- Born: Laurence Francis Nestor January 29, 1940 (age 86) Chicago, Illinois
- Occupations: Author, musician, songwriter
- Writing career
- Genres: Children's books, musicals, song lyrics, novels

= Larry Nestor =

American singer-songwriter and author

Laurence Francis Nestor (born January 29, 1940) is a singer, songwriter, and author from River Grove, Illinois. Nestor is a member of the American Federation of Musicians and the American Society of Composers, Authors, and Publishers.

==Career as musician==
Nestor played keyboards for a short time for The Buckinghams in the early years after the original keyboard player, Dennis Miccolis, left shortly after the Chess Studio recording sessions of Kind of a Drag.
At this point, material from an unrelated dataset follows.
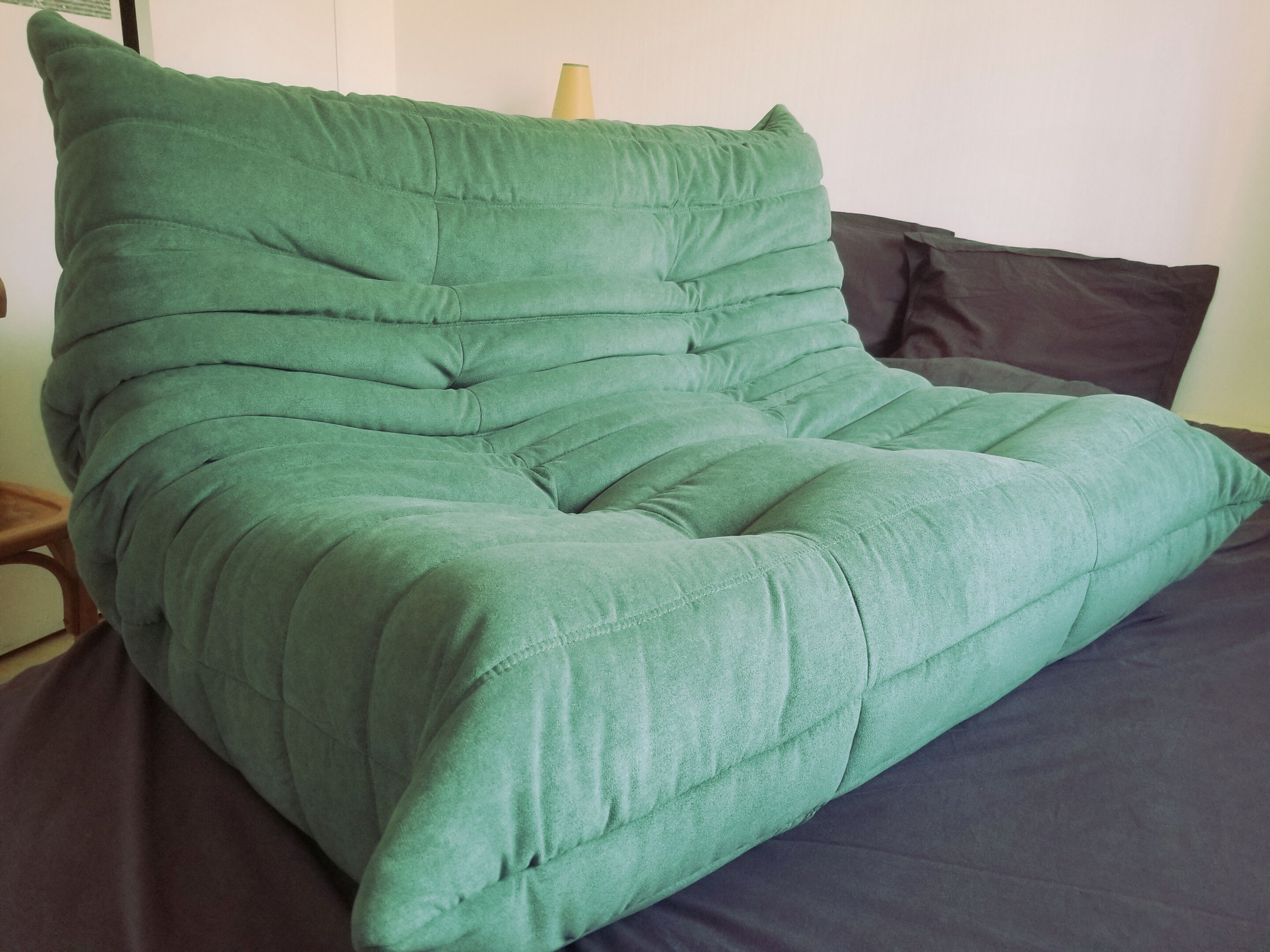 Togo sofa 2 places rehoussé to nine Alcantara Emerald Green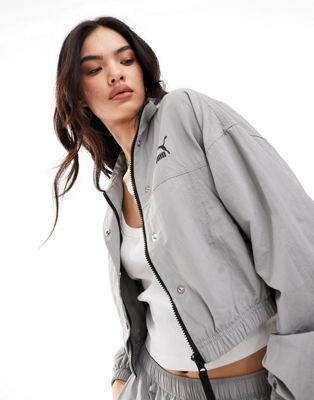 Puma Dare to cropped woven jacket in concrete gray - ASOS Price Checker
Nestor was eventually replaced by Marty Grebb before The Buckinghams hit the charts with Don't You Care, Susan and Hey Baby.

==Songwriting==
Nestor's songwriting career started in 1962 while still in high school.
He was a staff songwriter at Chicago label One-derful Records.

Nestor wrote the song "Loving on Borrowed Time" on Wise World Records for Phil Orsi & The Little Kings in 1963

==Career as author==
Nestor is also the author and collaborator on several children's books and novels.